An exact transcription of every record below is required, with the pictures left out.

Crawled caption data:
*** Begin section ***

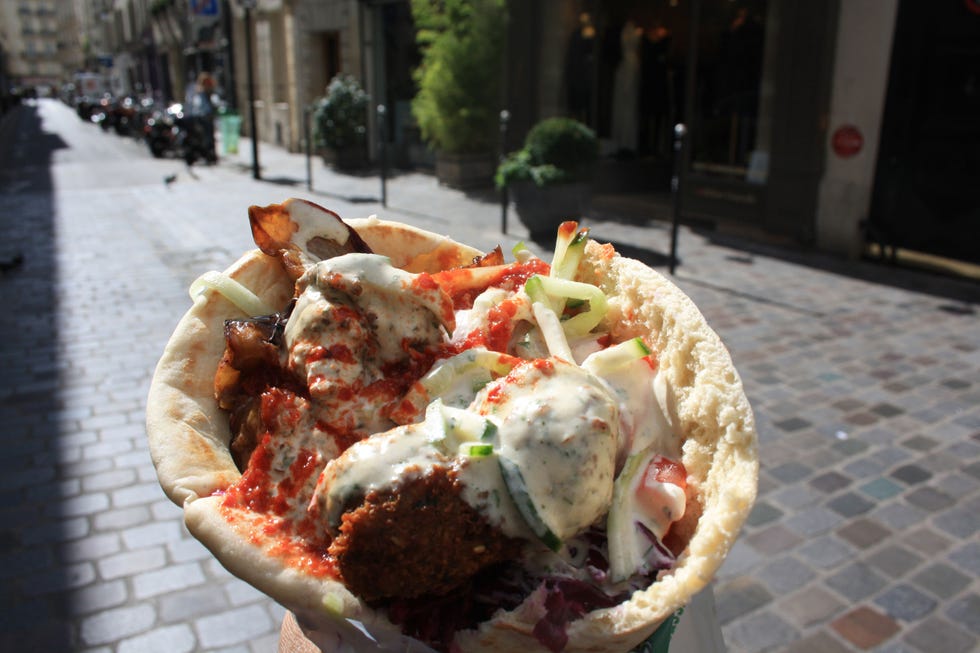 <p>Situated in the heart of Paris' Jewish Quarter on Rue de Rosiers, L'As du Fallafel houses some of the best falafel you'll ever eat outside of Israel. Don't be deterred by the long line out front and resist the temptation to choose one of the many imitation falafel joints on this street with a shorter line as an alternative. Here, the long line is undoubtedly worth the wait. Top your crispy concoction with roasted eggplant, creamy tahini,<span class="redactor-invisible-space"> an array of hot sauces (and even top with pommes frites if you're feeling indulgent!) for the perfect medley of mouth-watering flavors. We're not sure if you'll have room for dessert, but if you do, head down the block to <a href="http://finkelsztajn.com/" target="_blank">Sacha Finkelsztajn: La Boutique Jaune</a> for a Jewish pastry (they may just be the best homemade rugelach you'll ever taste.) Hint: for both of these eats, extra napkins are a must.</span></p><p><em><a href="http://www.yelp.com/biz/l-as-du-fallafel-paris" target="_blank">L'As du Fallafel</a><span class="redactor-invisible-space" style="line-height: 1.6em; background-color: initial;"><a href="http://www.yelp.com/biz/l-as-du-fallafel-paris"></a>, </span></em><em>Rue des Rosiers, 75004 Paris</em></p><p><em><a href="http://finkelsztajn.com/" target="_blank">Sacha Finkelsztajn: La Boutique Jaune</a>, Rue des Rosiers, 75004 Paris<br></em></p>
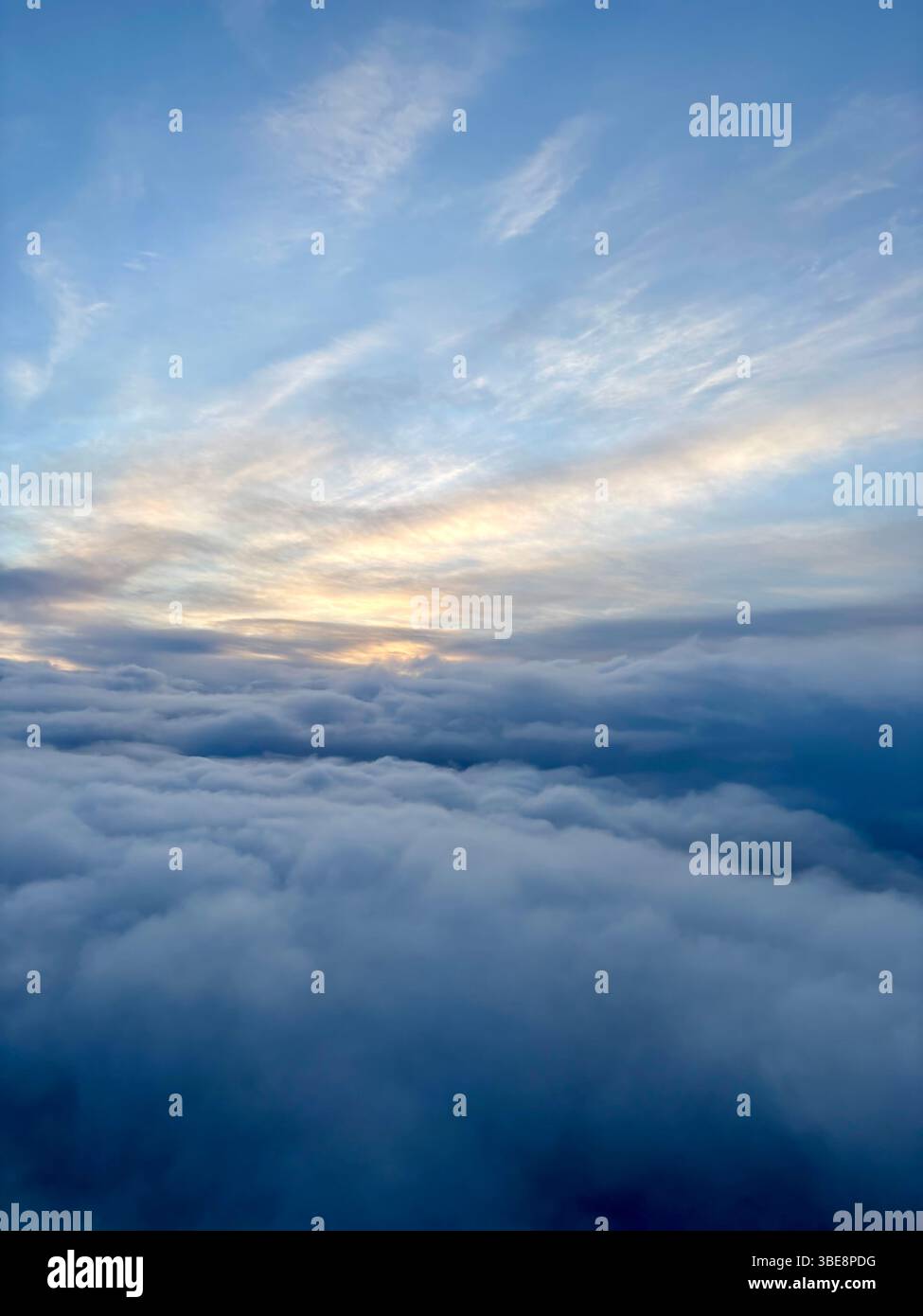 Scenic view of dramatic cloudscape and soft sunlight at high altitude, taken from an airplane. - Smartphone Captured Stock Image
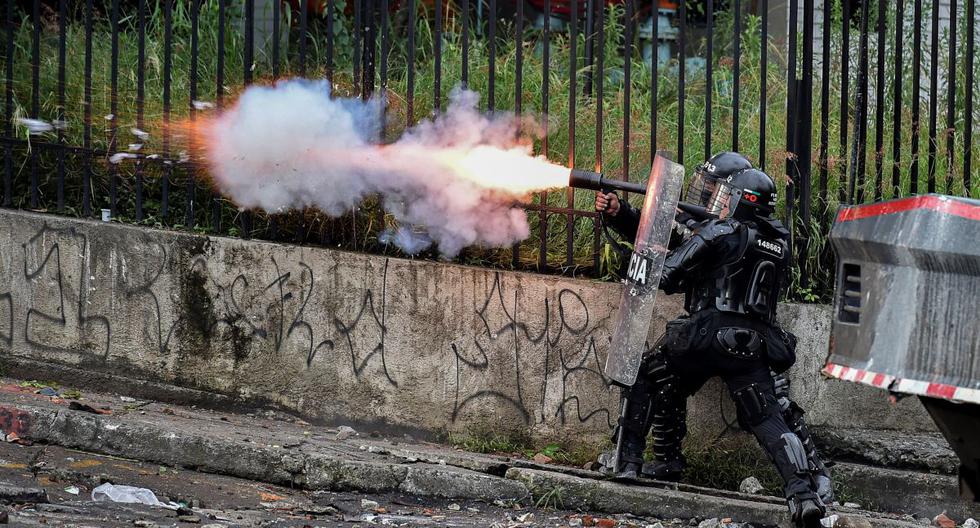 Un oficial de la policía antidisturbios lanza gases lacrimógenos a los manifestantes durante una protesta contra el gobierno en Cali, Colombia, el 10 de mayo de 2021. (Luis ROBAYO / AFP).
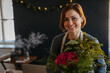 © Halfpoint - Smiling female florist working in her small flower shop.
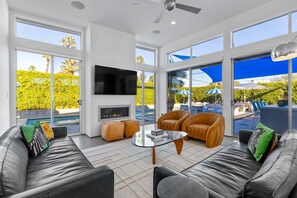 A modern living room with leather sofas, a glass coffee table, a flat-screen TV, and a fireplace. - Modern Desert Oasis – Luxury Retreat (Palm Springs)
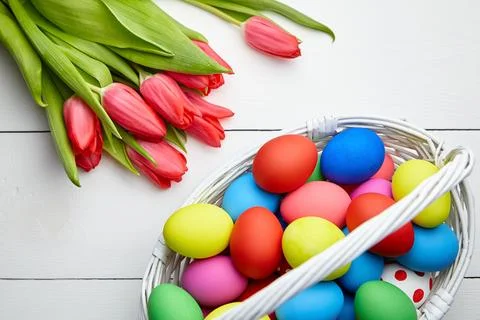 Easter Eggs in basket and spring flowers on white wooden table Stock Photos
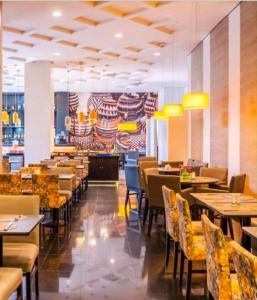 a restaurant with tables and chairs and a fireplace at Flat Executivo GRU Airport in Guarulhos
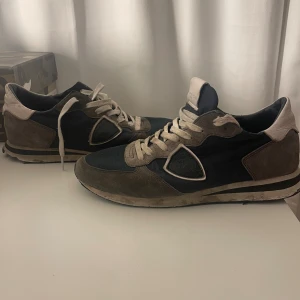 Philippe Model sneakers i mocka och textil - Snygga sneakers från Philippe Model i mörkblått och beige med detaljer i mocka och textil. Skorna har vita snören, rund tå och klassisk logga på sidan. Perfekta för dig som gillar en stilren men sportig look.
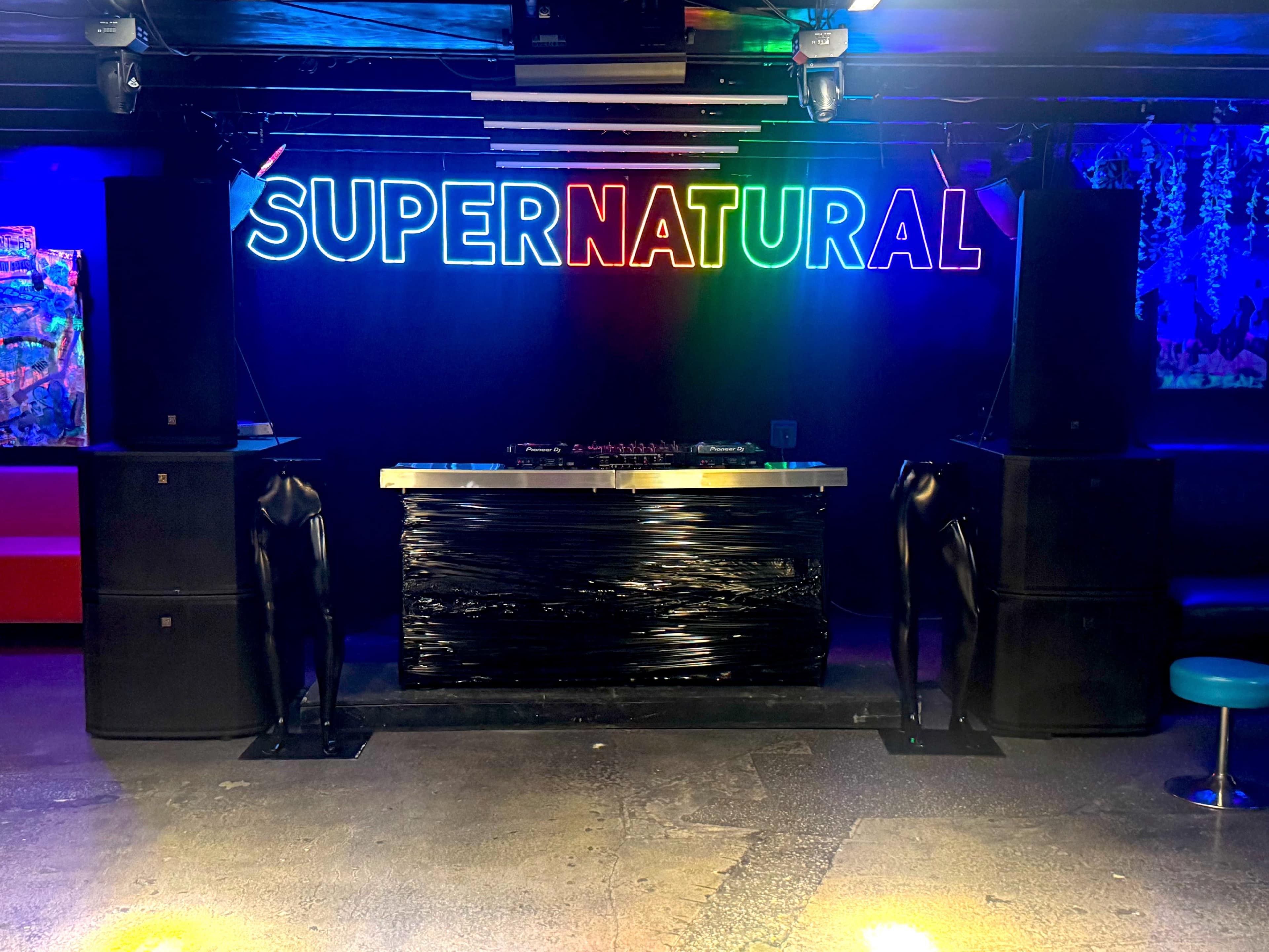 The photo shows a DJ booth with a neon sign that reads "SUPERNATURAL" and two black, humanoid sculptures flanking the booth.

*** End section ***

→ TASK SOLUTION:
 <p>Situated in the heart of Paris' Jewish Quarter on Rue de Rosiers, L'As du Fallafel houses some of the best falafel you'll ever eat outside of Israel. Don't be deterred by the long line out front and resist the temptation to choose one of the many imitation falafel joints on this street with a shorter line as an alternative. Here, the long line is undoubtedly worth the wait. Top your crispy concoction with roasted eggplant, creamy tahini,<span class="redactor-invisible-space"> an array of hot sauces (and even top with pommes frites if you're feeling indulgent!) for the perfect medley of mouth-watering flavors. We're not sure if you'll have room for dessert, but if you do, head down the block to <a href="http://finkelsztajn.com/" target="_blank">Sacha Finkelsztajn: La Boutique Jaune</a> for a Jewish pastry (they may just be the best homemade rugelach you'll ever taste.) Hint: for both of these eats, extra napkins are a must.</span></p><p><em><a href="http://www.yelp.com/biz/l-as-du-fallafel-paris" target="_blank">L'As du Fallafel</a><span class="redactor-invisible-space" style="line-height: 1.6em; background-color: initial;"><a href="http://www.yelp.com/biz/l-as-du-fallafel-paris"></a>, </span></em><em>Rue des Rosiers, 75004 Paris</em></p><p><em><a href="http://finkelsztajn.com/" target="_blank">Sacha Finkelsztajn: La Boutique Jaune</a>, Rue des Rosiers, 75004 Paris<br></em></p>
 Scenic view of dramatic cloudscape and soft sunlight at high altitude, taken from an airplane. - Smartphone Captured Stock Image
 Un oficial de la policía antidisturbios lanza gases lacrimógenos a los manifestantes durante una protesta contra el gobierno en Cali, Colombia, el 10 de mayo de 2021. (Luis ROBAYO / AFP).
 © Halfpoint - Smiling female florist working in her small flower shop.
 A modern living room with leather sofas, a glass coffee table, a flat-screen TV, and a fireplace. - Modern Desert Oasis – Luxury Retreat (Palm Springs)
 Easter Eggs in basket and spring flowers on white wooden table Stock Photos
 a restaurant with tables and chairs and a fireplace at Flat Executivo GRU Airport in Guarulhos
 Philippe Model sneakers i mocka och textil - Snygga sneakers från Philippe Model i mörkblått och beige med detaljer i mocka och textil. Skorna har vita snören, rund tå och klassisk logga på sidan. Perfekta för dig som gillar en stilren men sportig look.
 The photo shows a DJ booth with a neon sign that reads "SUPERNATURAL" and two black, humanoid sculptures flanking the booth.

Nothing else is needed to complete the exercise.